The final quarter of 2006 was the worst fourth quarter in five years in terms of the value of outsourcing contracts awarded. In addition, the value of contracts entirely new to the market (excluding the retendering of existing contracts) declined by eight per cent on 2005 levels.

The trend towards shorter and smaller contracts, and more specialist and single process deals, means that tendering activity nevertheless remains frenzied, with a record number of 350 contracts being agreed in 2006 – smashing last year’s 341, the previous record.

Duncan Aitchison, managing director of TPI EMEA and Asia-Pacific, said: 'In practice, the trend towards shorter contract duration means that outsourcing providers are obliged to compete more often in order to secure the same level of business. For many the cost of sale can become a major issue. Consequently service providers need to be increasingly selective in terms of the contracts they pursue.'

At the same time, competition has been heightened with more providers competing for market share – the number of providers winning contracts has increased by 64 per cent in the last four years, from 55 in 2002 to 90 in 2006.

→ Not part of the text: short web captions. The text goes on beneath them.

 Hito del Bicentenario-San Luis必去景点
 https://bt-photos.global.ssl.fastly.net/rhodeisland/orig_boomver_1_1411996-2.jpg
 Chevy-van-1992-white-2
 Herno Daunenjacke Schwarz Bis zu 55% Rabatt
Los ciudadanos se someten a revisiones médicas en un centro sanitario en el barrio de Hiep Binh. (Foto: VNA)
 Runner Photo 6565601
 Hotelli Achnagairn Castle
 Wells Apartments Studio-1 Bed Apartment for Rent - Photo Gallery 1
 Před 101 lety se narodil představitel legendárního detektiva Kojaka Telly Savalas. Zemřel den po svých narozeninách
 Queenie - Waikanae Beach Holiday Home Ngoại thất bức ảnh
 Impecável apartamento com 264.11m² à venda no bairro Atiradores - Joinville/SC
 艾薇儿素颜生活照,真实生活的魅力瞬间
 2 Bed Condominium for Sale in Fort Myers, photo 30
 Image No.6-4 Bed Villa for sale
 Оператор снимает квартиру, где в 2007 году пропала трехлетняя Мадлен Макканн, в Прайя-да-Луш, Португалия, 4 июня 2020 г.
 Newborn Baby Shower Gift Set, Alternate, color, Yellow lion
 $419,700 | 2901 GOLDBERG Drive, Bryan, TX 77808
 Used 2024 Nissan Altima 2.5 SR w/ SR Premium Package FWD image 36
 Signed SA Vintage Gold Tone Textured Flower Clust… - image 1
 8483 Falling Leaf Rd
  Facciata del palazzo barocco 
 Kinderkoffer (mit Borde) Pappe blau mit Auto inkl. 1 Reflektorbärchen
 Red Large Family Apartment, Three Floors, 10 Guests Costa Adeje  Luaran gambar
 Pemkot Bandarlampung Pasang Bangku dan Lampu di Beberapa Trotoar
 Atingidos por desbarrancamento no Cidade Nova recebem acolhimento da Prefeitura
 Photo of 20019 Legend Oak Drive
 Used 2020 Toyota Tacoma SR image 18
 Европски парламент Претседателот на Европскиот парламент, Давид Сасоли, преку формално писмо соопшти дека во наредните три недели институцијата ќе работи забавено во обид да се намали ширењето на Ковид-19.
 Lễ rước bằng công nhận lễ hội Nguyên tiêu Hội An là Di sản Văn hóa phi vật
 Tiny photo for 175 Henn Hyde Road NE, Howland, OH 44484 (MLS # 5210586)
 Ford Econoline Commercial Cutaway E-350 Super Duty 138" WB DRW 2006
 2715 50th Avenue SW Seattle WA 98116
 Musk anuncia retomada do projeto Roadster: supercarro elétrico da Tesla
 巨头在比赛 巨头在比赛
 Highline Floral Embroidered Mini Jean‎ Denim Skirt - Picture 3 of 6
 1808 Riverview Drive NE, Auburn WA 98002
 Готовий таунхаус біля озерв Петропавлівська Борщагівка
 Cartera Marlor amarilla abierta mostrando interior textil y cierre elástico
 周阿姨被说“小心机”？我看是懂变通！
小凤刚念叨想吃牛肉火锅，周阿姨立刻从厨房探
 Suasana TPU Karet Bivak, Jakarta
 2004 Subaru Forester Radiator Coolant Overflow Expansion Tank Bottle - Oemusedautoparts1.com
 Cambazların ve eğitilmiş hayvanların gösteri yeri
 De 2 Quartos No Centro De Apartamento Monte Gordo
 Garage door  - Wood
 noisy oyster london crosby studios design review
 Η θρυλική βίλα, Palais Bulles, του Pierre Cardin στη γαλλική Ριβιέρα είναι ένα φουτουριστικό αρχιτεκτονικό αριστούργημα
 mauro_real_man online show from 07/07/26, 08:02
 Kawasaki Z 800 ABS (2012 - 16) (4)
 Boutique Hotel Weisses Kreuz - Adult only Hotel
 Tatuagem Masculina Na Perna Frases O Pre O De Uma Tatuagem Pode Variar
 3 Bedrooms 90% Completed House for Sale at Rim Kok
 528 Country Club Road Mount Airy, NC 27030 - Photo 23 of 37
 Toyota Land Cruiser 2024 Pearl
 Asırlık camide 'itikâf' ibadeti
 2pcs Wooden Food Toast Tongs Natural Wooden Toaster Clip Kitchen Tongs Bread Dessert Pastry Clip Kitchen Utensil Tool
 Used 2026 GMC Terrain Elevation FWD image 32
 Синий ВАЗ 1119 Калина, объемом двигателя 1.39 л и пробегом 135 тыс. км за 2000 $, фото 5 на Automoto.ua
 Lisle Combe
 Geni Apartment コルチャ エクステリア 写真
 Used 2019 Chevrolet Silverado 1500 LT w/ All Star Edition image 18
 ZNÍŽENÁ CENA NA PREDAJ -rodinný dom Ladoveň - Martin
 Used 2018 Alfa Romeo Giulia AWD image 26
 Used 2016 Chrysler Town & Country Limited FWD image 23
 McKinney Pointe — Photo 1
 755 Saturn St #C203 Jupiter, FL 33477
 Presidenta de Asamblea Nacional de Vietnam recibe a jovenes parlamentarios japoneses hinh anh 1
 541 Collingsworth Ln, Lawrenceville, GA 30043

'In general terms, this increased competition is clearly good for buyers,' said Aitchison. However, greater diversity and specialisation amongst suppliers, combined with more frequent tendering, does mean more complexity in both the procurement process and the management of outsourcing contracts.'

Those service providers headquartered in India, such as Wipro, Tata, and Infosys are reaping the benefits of the trend towards single-process and specialist deals. In 2006, the India-based providers achieved 7 per cent of the total market share. This is a massive increase compared with their 2002 market share of less than half a percentage point.